A sign at the entrance to a Senate Judiciary Committee hearing room in Washington, D.C. Credit: Katherine Welles / Shutterstock
A sign at the entrance to a Senate Judiciary Committee hearing room in Washington, D.C. Credit: Katherine Welles / Shutterstock

.- Neomi Rao was given and affirmative vote by the Senate Judiciary Committee on Thursday. She is President Donald Trump’s nominee to replace Justice Brett Kavanaugh on the U.S. Circuit Court of Appeals for the Dictrict of Columbia.

 

Rao cleared the committee on a party-line vote of 12 to 10. Her nomination will now head to the full Senate.

 

Earlier in the week, Rao’s nomination seemed to face an uncertain future as questions about her suitability arose on both sides of the aisle and it was not clear if she could garner enough support from committee members.

 

Sen. Josh Hawley (R-MO), a freshman senator from Missouri, raised concerns about Roa’s judicial philosophy, particularly her views on judicial activism and substantive due process. But on Thursday morning, Hawley issued a statement saying he had met one-on-one with Rao on Wednesday, and said that he was no longer opposed to her advancing to the full Senate.

 

“In our discussion, Ms. Rao said she would interpret the Constitution according to its text, structure and history, not according to changing social and political understandings,” said Hawley.

 

“She said the text of the Constitution is fixed and the meaning must follow that fixed text,” he added, and that “she rejected the idea of ‘common law constitutionalism.’”

 

Hawley also said he was pleased that Rao told him she did not think there was textual support for substantive due process in the Constitution.

 

Concerns about Rao's commitment to an originalist approach to the Consitution also reflected anxieties of pro-life campaigners who had concerns she may be philosophically sympathetic to a consitutional right to abortion, rather than merely committed to defering to it as established precedent.

 

Sen.

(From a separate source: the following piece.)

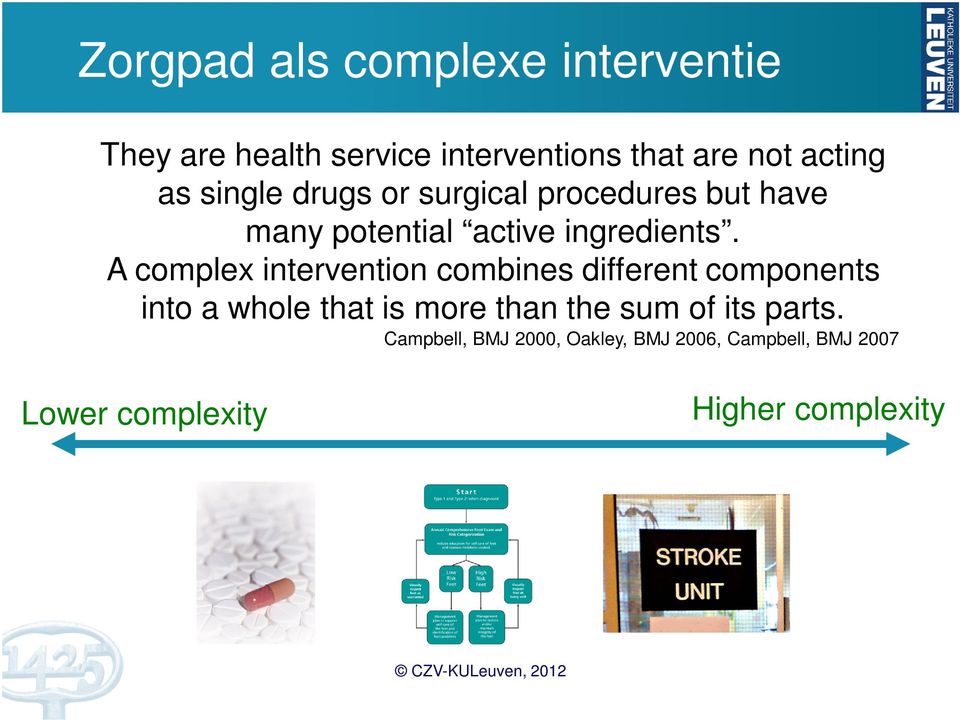 A complex intervention combines different components into a whole that is more than the sum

Joni Ernst (R-IA) was also concerned with Rao, particularly her college newspaper op-eds concerning sexual assault and women. In some of the writing’s Rao made observations about the context in which assaults could take place which some observers said came close to victim-blaming.

 

Ernst, herself a survivor of sexual assault, said that she found the writings to be “abhorrent,” but also said she had since been satisfied about Rao’s suitability and agreed to vote her through to a final confirmation vote in the Senate.

 

During Rao’s confirmation hearing, Sen. Cory Booker (D-NJ), who is now running for the Democratic nomination for president in 2020, quizzed her about her views on morality, gay marriage, and sin.

 

Booker asked Rao to comment about whether she believed marriage only could exist between a man and a woman, or if two she thought men in a sexual relationship was immoral. Rao declined insisted that it was not her place asa  judicial candidate or judge to opinion on the nature of sin, and said she would follow precedent if she were confirmed to the bench.

 

Currently, Rao is the administrator of the Office of Information and Regulatory Affairs, and has taught law at George Mason University. She previously served in the White House counsel’s office under president George W. Bush and as a staffer for the Senate Judiciary Committee.

 

The final confirmation vote is expected in March.